Data in this exercise:
*-*-*
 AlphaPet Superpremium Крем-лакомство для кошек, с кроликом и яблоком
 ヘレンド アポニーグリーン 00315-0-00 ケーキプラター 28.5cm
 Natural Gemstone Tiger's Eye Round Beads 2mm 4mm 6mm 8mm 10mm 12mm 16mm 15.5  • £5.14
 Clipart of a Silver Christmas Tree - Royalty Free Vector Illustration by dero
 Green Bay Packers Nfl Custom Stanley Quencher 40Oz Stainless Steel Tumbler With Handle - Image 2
*-*-*
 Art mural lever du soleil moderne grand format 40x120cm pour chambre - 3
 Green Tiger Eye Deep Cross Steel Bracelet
*-*-*
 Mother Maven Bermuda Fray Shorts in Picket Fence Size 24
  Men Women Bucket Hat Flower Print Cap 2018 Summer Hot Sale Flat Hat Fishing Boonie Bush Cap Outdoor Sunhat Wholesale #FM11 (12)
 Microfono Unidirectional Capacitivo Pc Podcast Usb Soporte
*-*-*
Instructions to follow: In the data above, find the line with "Clipart of a" and the line with "Green Bay Packers". Retype both, plus every line between them, exactly.

Expected output:
 Clipart of a Silver Christmas Tree - Royalty Free Vector Illustration by dero
 Green Bay Packers Nfl Custom Stanley Quencher 40Oz Stainless Steel Tumbler With Handle - Image 2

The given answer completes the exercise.